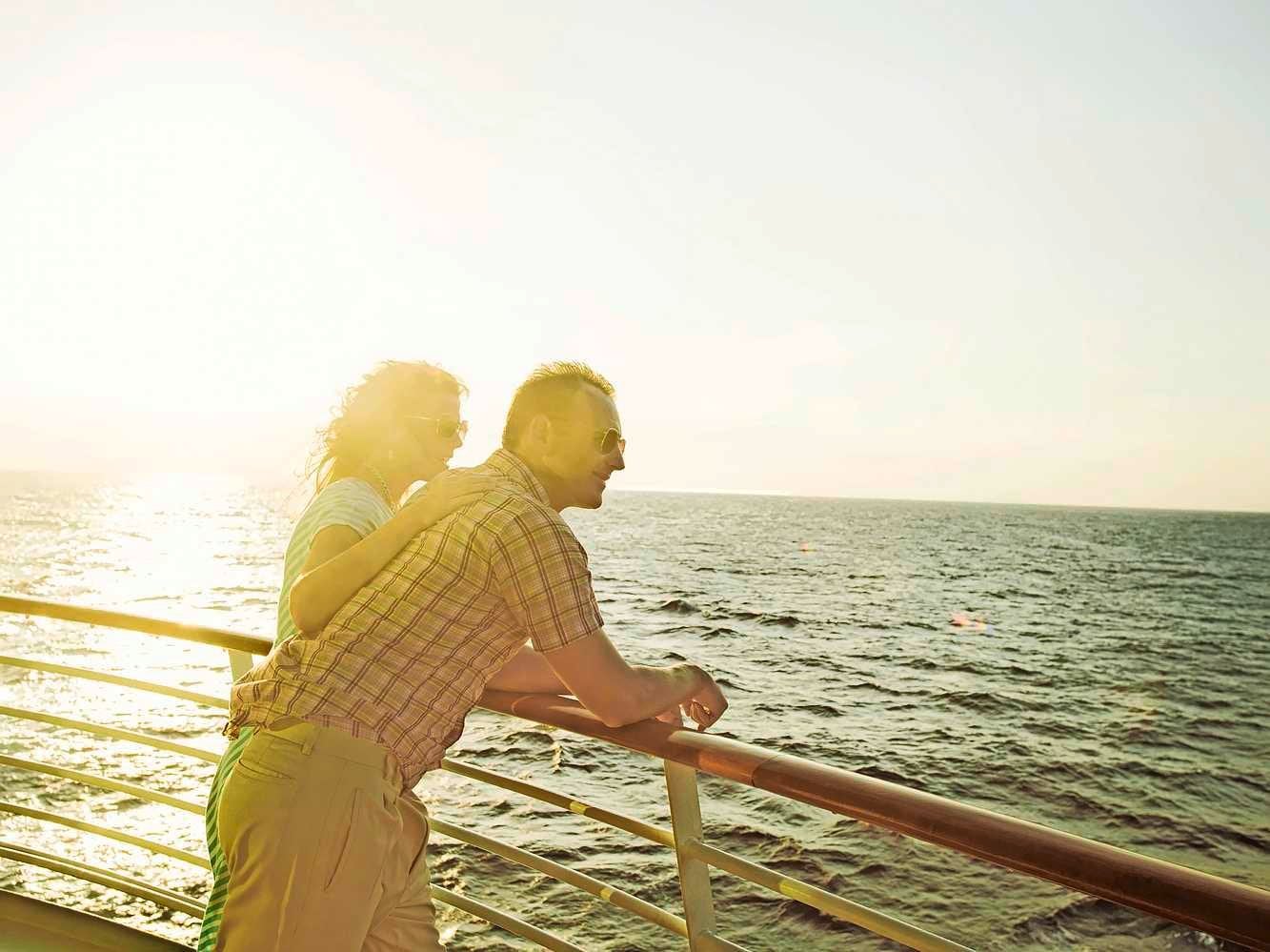 ’Mijn zus zit krap bij kas, daarom lieg ik over onze luxe cruise’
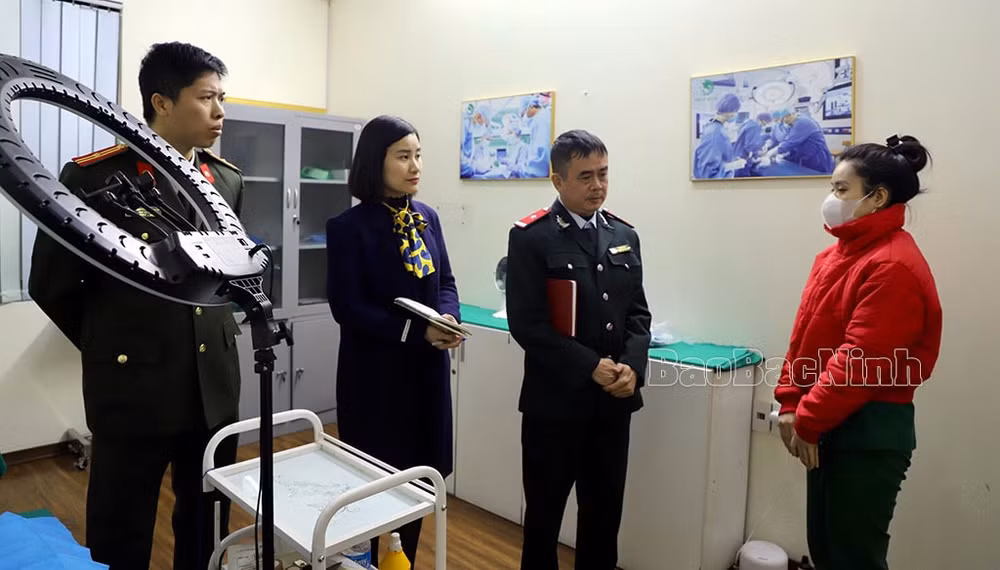 bac ninh vi pham quy dinh cua phap luat trong hanh nghe tham my hai co so tham my bi dinh chi hoat dong hinh 2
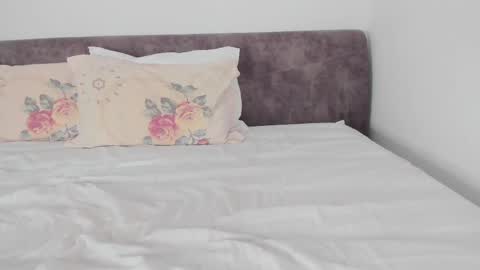 hey im anna online show from 02-17-25, 08:09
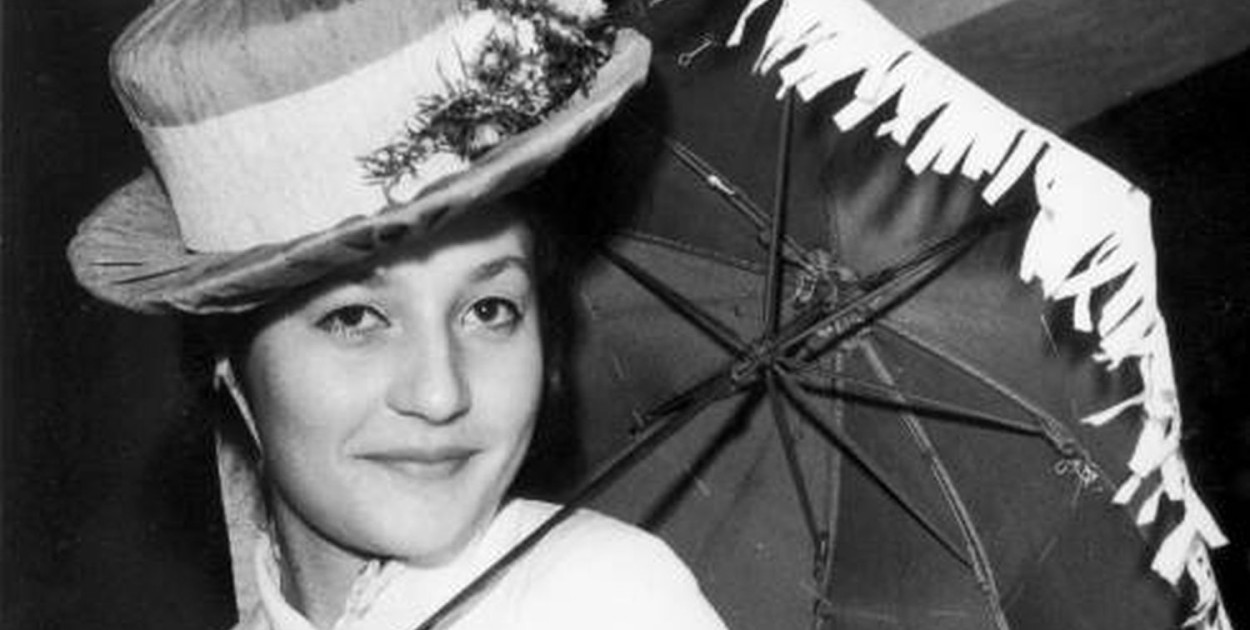 W redakcyjnym archiwum nie zachowały się zdjęcia z bali sylwestrowych z lat 60. Mamy natomiast zdjęcia z późniejszego okresu. Tak bawiono się na zetemesowskim balu gałganiarzy, który w 1973 roku odbył się w Kaletach w klubie Papirus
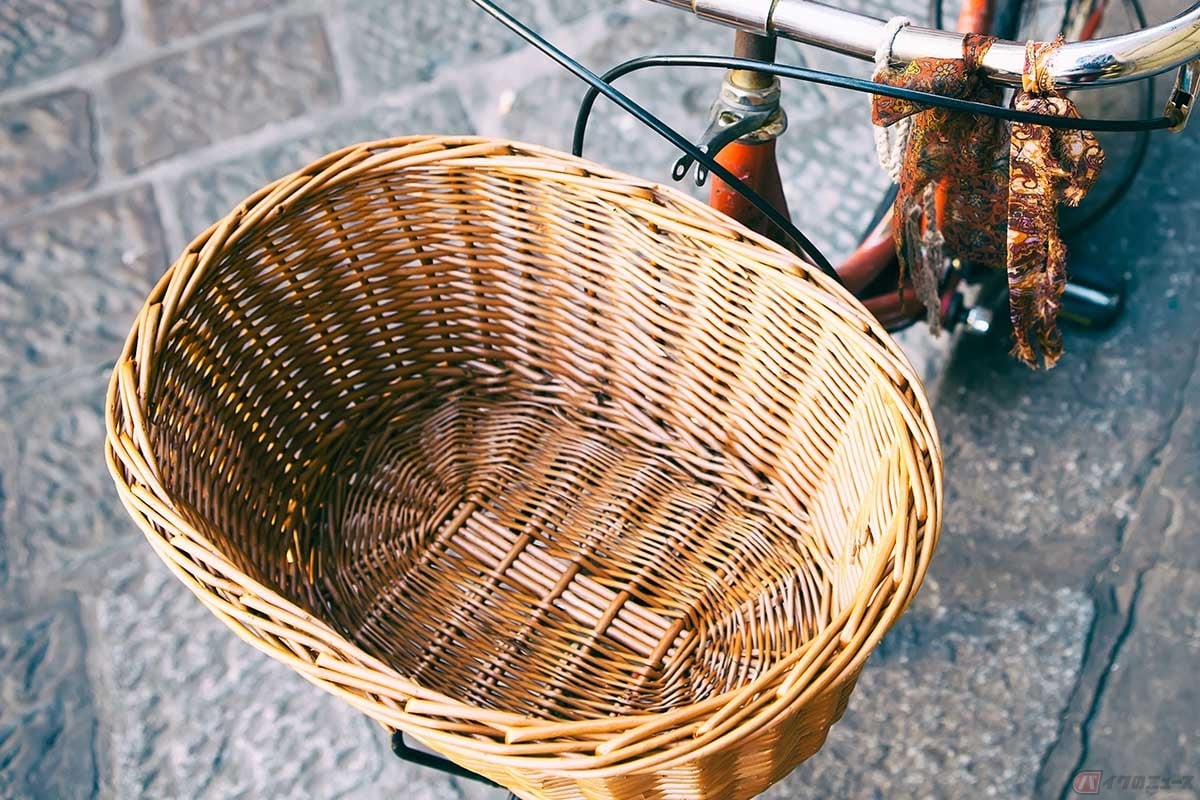 自転車のバスケットは、個性を演出するアイテムのひとつでもある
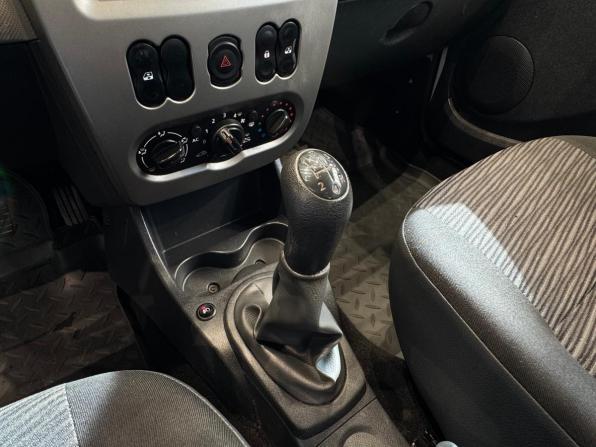 Renault Sandero I с пробегом 2013 года, цена 670 000 рублей, 133150 км, хэтчбек, Автокод Объявления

---------------

• **What you are asked to do**: Give back the data exactly, with no images.

• **The answer**:
 ’Mijn zus zit krap bij kas, daarom lieg ik over onze luxe cruise’
 bac ninh vi pham quy dinh cua phap luat trong hanh nghe tham my hai co so tham my bi dinh chi hoat dong hinh 2
 hey im anna online show from 02-17-25, 08:09
 W redakcyjnym archiwum nie zachowały się zdjęcia z bali sylwestrowych z lat 60. Mamy natomiast zdjęcia z późniejszego okresu. Tak bawiono się na zetemesowskim balu gałganiarzy, który w 1973 roku odbył się w Kaletach w klubie Papirus
 自転車のバスケットは、個性を演出するアイテムのひとつでもある
 Renault Sandero I с пробегом 2013 года, цена 670 000 рублей, 133150 км, хэтчбек, Автокод Объявления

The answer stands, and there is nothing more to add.